Contrast {grok}, which connotes a time-extended version of
zenning a system. Compare {hack mode}. See also {guru}.
zero: vt. 1. To set to 0. Usually said of small pieces of
data, such as bits or words (esp. in the construction `zero
out'). 2. To erase; to discard all data from. Said of disks and
directories, where `zeroing' need not involve actually writing
zeroes throughout the area being zeroed. One may speak of
something being `logically zeroed' rather than being
`physically zeroed'. See {scribble}.
zero-content: adj. Syn. {content-free}.
zeroth: /zee'rohth/ adj. First. Among software designers,
comes from C's and LISP's 0-based indexing of arrays. Hardware
people also tend to start counting at 0 instead of 1; this is
natural since, e.g., the 256 states of 8 bits correspond to the
binary numbers 0, 1, ..., 255 and the digital devices known as
`counters' count in this way.
Hackers and computer scientists often like to call the first
chapter of a publication `chapter 0', especially if it is of an
introductory nature (one of the classic instances was in the First
Edition of {K&R}). In recent years this trait has also been
observed among many pure mathematicians (who have an independent
tradition of numbering from 0). Zero-based numbering tends to
reduce {fencepost error}s, though it cannot eliminate them
entirely.
zigamorph: /zig'*-morf/ n. 1. Hex FF (11111111) when used
as a delimiter or {fence} character. usage: primarily at IBM
shops. 2. [proposed] n. The Unicode non-character +UFFFF
(1111111111111111), a character code which is not assigned to any
character, and so is usable as end-of-string. (Unicode (a subset
of ISO 10646) is a 16-bit character code intended to cover all of
the world's writing systems, including Roman, Greek, Cyrillic,
Chinese, hiragana, katakana, Devanagari, Easter Island
`rongo-rongo', and even {elvish}.)
zip: [primarily MS-DOS] vt. To create a compressed archive
from a group of files using PKWare's PKZIP or a compatible
archiver. Its use is spreading now that portable implementations
of the algorithm have been written. Commonly used as follows:
"I'll zip it up and send it to you." See {tar and feather}.
zipperhead: n. [IBM] A person with a closed mind.
zombie: n. [UNIX] A process that has died but has not yet
relinquished its process table slot (because the parent process
hasn't executed a `wait(2)' for it yet). These can be seen in
`ps(1)' listings occasionally. Compare {orphan}.
zorch: /zorch/ 1. [TMRC] v. To attack with an inverse heat
sink. 2. [TMRC] v. To travel, with v approaching c
[that is, with velocity approaching lightspeed -- ESR]. 3. [MIT]
v. To propel something very quickly. "The new comm software is
very fast; it really zorches files through the network." 4. [MIT]
n.
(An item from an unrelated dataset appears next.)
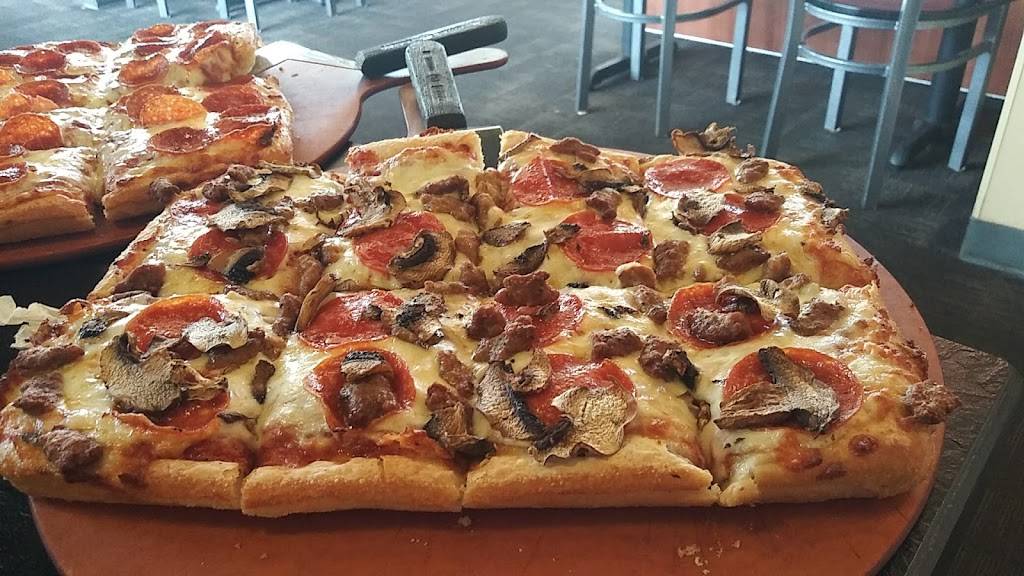 Pizza Hut | meal takeaway | 995 Fairmount Ave, Jamestown, NY 14701, USA | 7164848800 OR +1 716-484-8800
Influence. Brownie points. Good karma. The intangible and
fuzzy currency in which favors are measured. "I'd rather not ask
him for that just yet; I think I've used up my quota of zorch with
him for the week." 5. [MIT] n. Energy, drive, or ability. "I
think I'll {punt} that change for now; I've been up for 30 hours
and I've run out of zorch." 6. [MIT] v. To flunk an exam or
course.
Zork: /zork/ n. The second of the great early experiments
in computer fantasy gaming; see {ADVENT}. Originally written
on MIT-DM during 1977-1979, later distributed with BSD UNIX (as a
patched, sourceless RT-11 FORTRAN binary; see {retrocomputing})
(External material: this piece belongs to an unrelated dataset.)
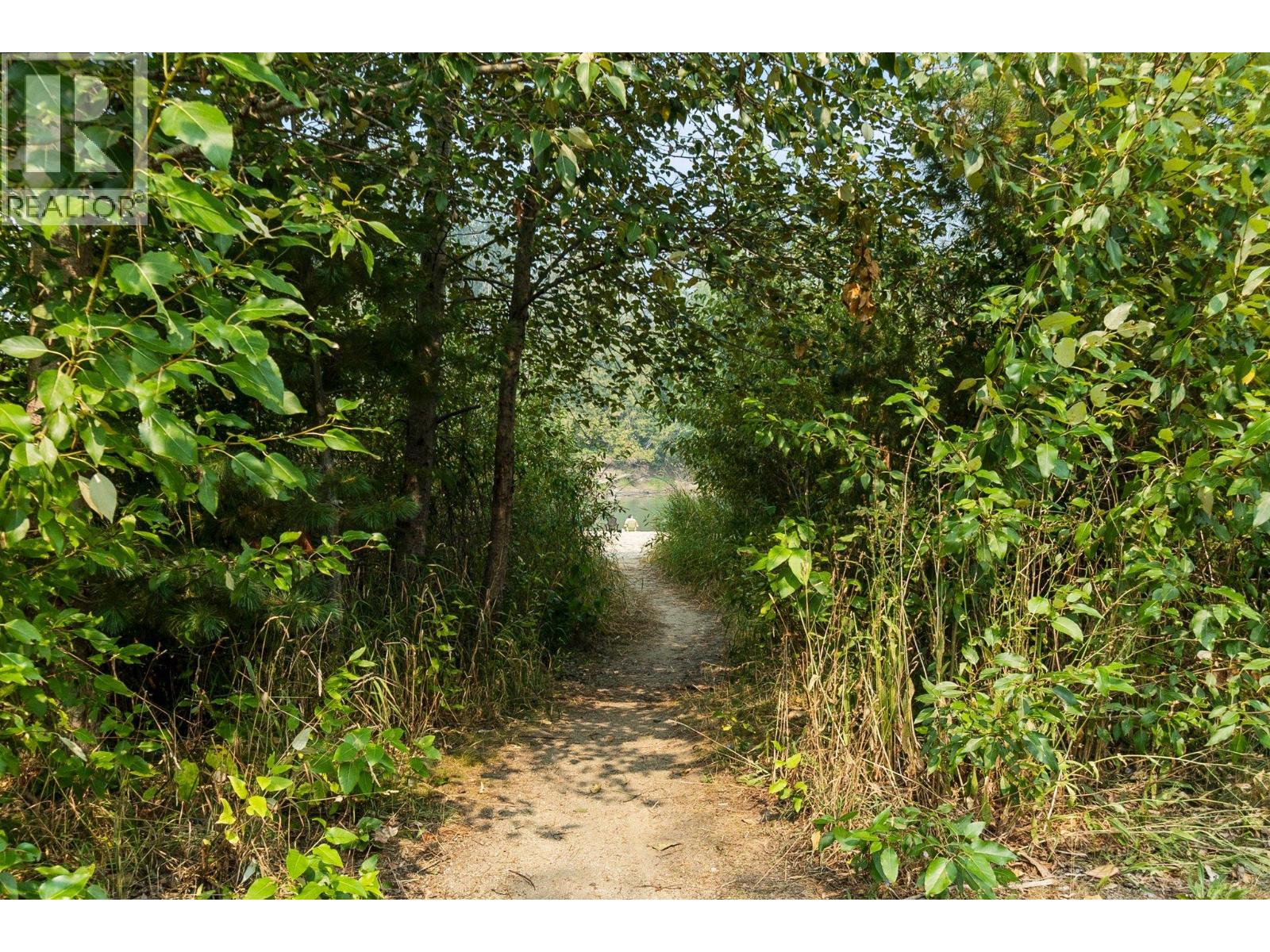  1383 SilverSands Road, Sicamous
and commercialized as `The Zork Trilogy' by {Infocom}. The
FORTRAN source was later rewritten for portability and released to
Usenet under the name "Dungeon". Both FORTRAN "Dungeon" and
translated C versions are available at many FTP sites.
zorkmid: /zork'mid/ n. The canonical unit of currency in
hacker-written games. This originated in {Zork} but has spread
to {nethack} and is referred to in several other games.